Catalá abandona a los vecinos de Benicalap afectados por inversiones turísticas irregulares
- Elisa Valía denuncia que el Ayuntamiento reunió a las familias para decirles que se “apañen” y trató de limitar quién podía participar en el encuentro
- “Su ayuntamiento no les protege, no les ampara y una vez más se pone de parte de quien está tensionando y destrozando la convivencia en nuestros barrios”
(València, 31/8/2026) La concejala socialista del Ayuntamiento de València Elisa Valía ha denunciado que el gobierno de María José Catalá se ha desentendido del problema de las comunidades de vecinos de Benicalap que sufren la presión de una empresa que pretende desarrollar varios proyectos hoteleros y de apartamentos turísticos. Valía ha criticado que, lejos de proteger a las familias y defender la convivencia en los barrios, el Ayuntamiento les ha trasladado que deben resolver por su cuenta una situación ante la que se sienten completamente desamparadas.
“El gobierno de María José Catalá ha citado hoy a los vecinos y vecinas de los edificios de Benimaclet, donde inversores extranjeros pretenden llenarles los bajos de apartamentos turísticos y habitaciones de hotel, para decirles que se tienen que apañar, que para ellos todo está bien y que no tienen nada ni que decir ni que hacer ante esta situación que viven estas familias que, como es natural, la viven con total impotencia, viendo como su ayuntamiento no les protege, no les ampara y una vez más se pone de parte de quien está tensionando y destrozando la convivencia en nuestros barrios”, ha indicado.
Valía ha lamentado que el gobierno municipal haya citado a los vecinos y vecinas para, finalmente, trasladarles que el Ayuntamiento no va a intervenir para amparar a las familias ante los proyectos que pretenden instalar en los bajos de sus edificios. Una respuesta que, para los socialistas, evidencia la “falta de gestión y la ausencia de escucha vecinal” de un gobierno que vuelve a dejar solos a los barrios frente a los intereses de quienes buscan hacer negocio con la ciudad.
La concejala socialista también ha denunciado que el gobierno de Catalá trató de bloquear la participación de todos los vecinos y vecinas en la reunión, advirtiéndoles de que solo podían asistir las personas seleccionadas por el propio Ayuntamiento y no una representación de las comunidades afectadas. Una situación que los socialistas consideran una muestra más de la opacidad con la que el gobierno municipal está abordando un problema que afecta directamente a la convivencia de las familias y al futuro de los barrios.
Para Valía, resulta especialmente significativo que el Ayuntamiento convoque a las familias y, al mismo tiempo, limite su participación y les traslade que deben buscarse por sí mismas una solución. “Sinceramente, para decirles a los vecinos y vecinas que se busquen la vida, no hacía falta hacerles desplazarse a esta Tabacalera, porque es algo que ellos ya venían percibiendo y que ya saben, porque desde el principio el interés de María José Catalá y su gobierno ha sido nulo por intentar amparar a estas familias que se ven completamente desamparadas ante los atropellos de estos fondos inversores que buscan hacer negocio a toda costa, a costa de la convivencia, a costa de nuestras familias y a costa de nuestros barrios.”
Catalá deja solos a los barrios
El Grupo Municipal Socialista ha insistido en que esta situación no puede tratarse como un problema particular de cada comunidad de vecinos. “La convivencia en los edificios y en los barrios exige que el Ayuntamiento escuche a las familias y asuma su responsabilidad, en lugar de desentenderse y dejar que sean los propios residentes quienes tengan que hacer frente a la presión de los proyectos promovidos por fondos inversores”, ha continuado.
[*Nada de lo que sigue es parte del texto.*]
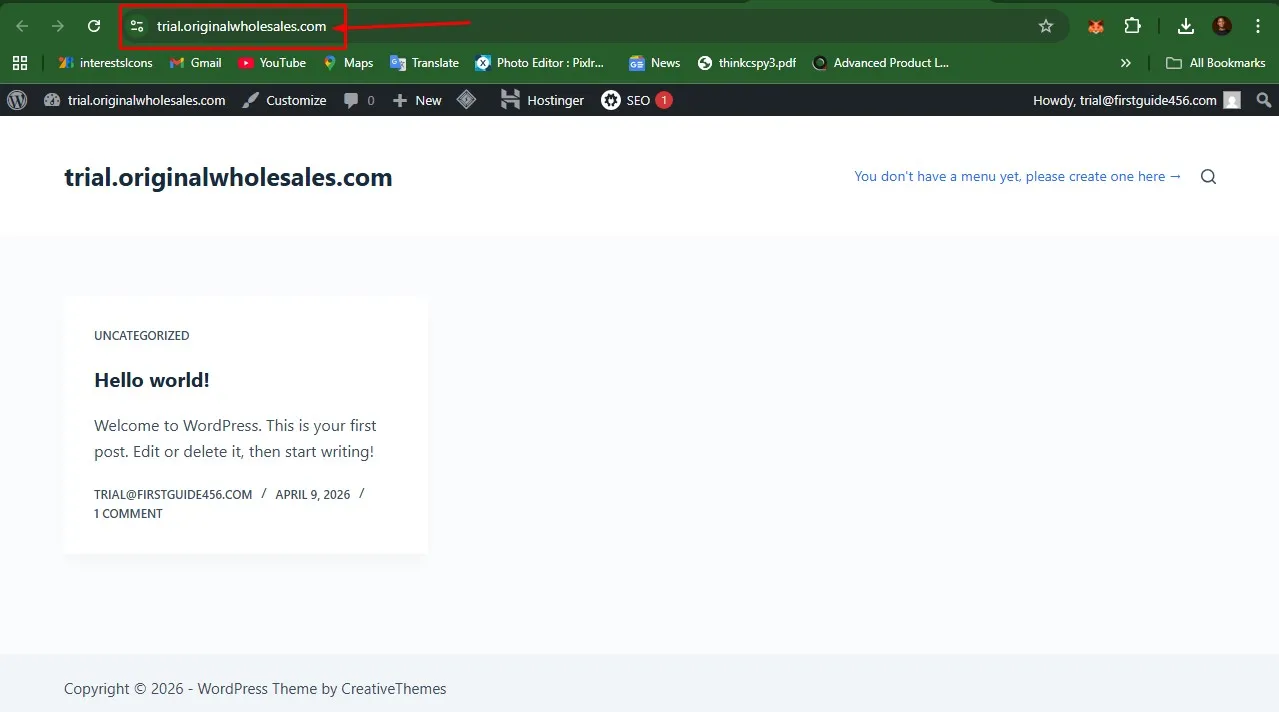 my website home page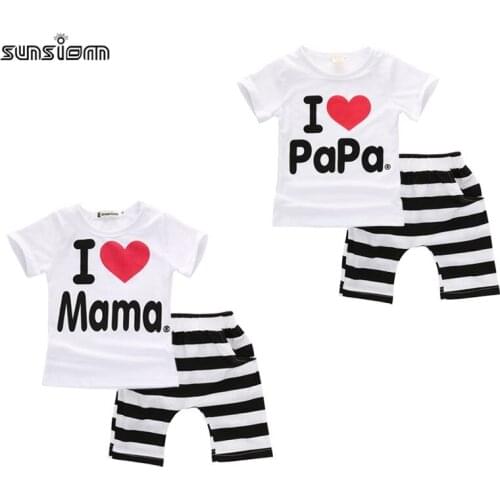 2PCS Toddler Baby Girl Boy Clothes Letter T-shirt Top+Striped Shorts Pants Outfits Baby Cotton Short Sleeve sets Clothes 0-18M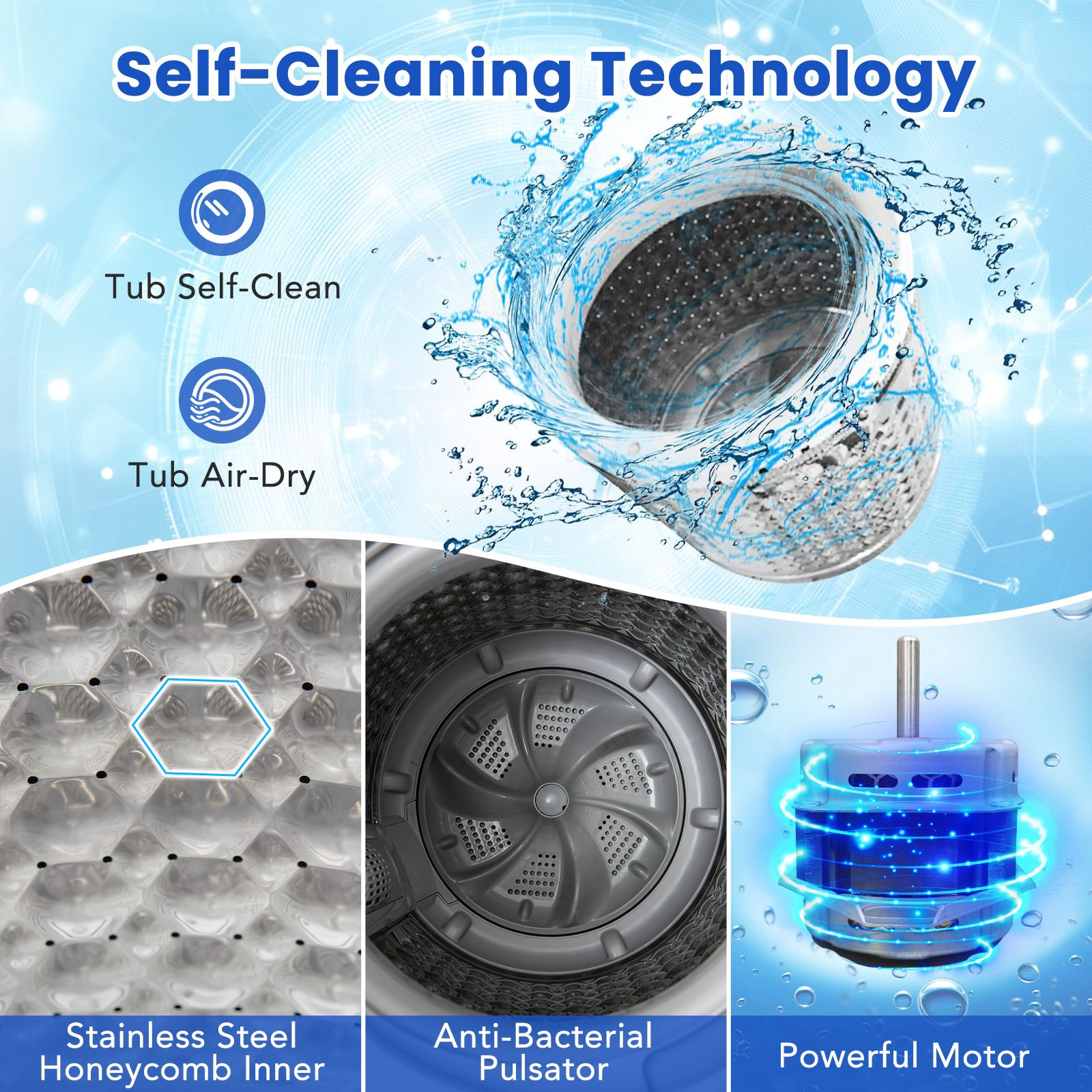 SlickBlue Portable Automatic Washer with Spin Function and Drain Pump
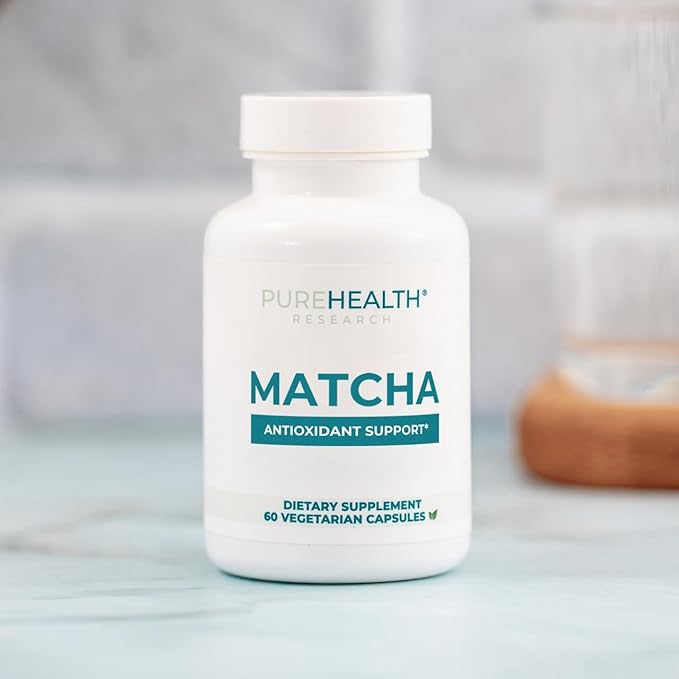 PUREHEALTH RESEARCH Matcha 1000 mg - Organic Ceremonial Grade Matcha Powder Supplement - EGCG Green Tea Extract Pills for Mental Clarity, Energy & Hearth Health - Vegan, Gluten Free - 60 Capsules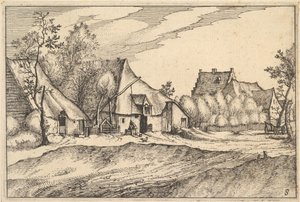 Bauernhöfe in einem Dorf von Claes Jansz Visscher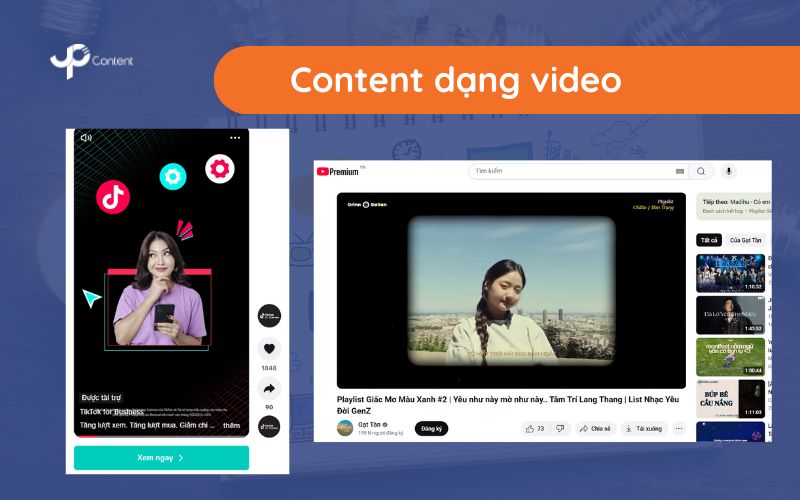 Các dạng content - content dạng video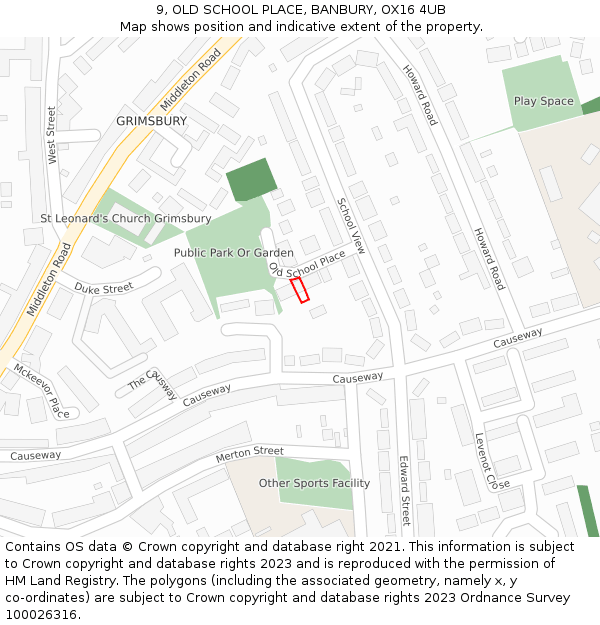 9, OLD SCHOOL PLACE, BANBURY, OX16 4UB: Location map and indicative extent of plot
Los socialistas han denunciado que el modelo de ciudad de Catalá vuelve a situar los intereses de quienes buscan hacer negocio por encima de la defensa de los barrios y de sus vecinos y vecinas. Por ello, han reclamado al gobierno municipal que abandone su pasividad, garantice una verdadera escucha vecinal y deje de dejar desamparadas a las familias ante proyectos que están tensionando y deteriorando la convivencia en sus comunidades.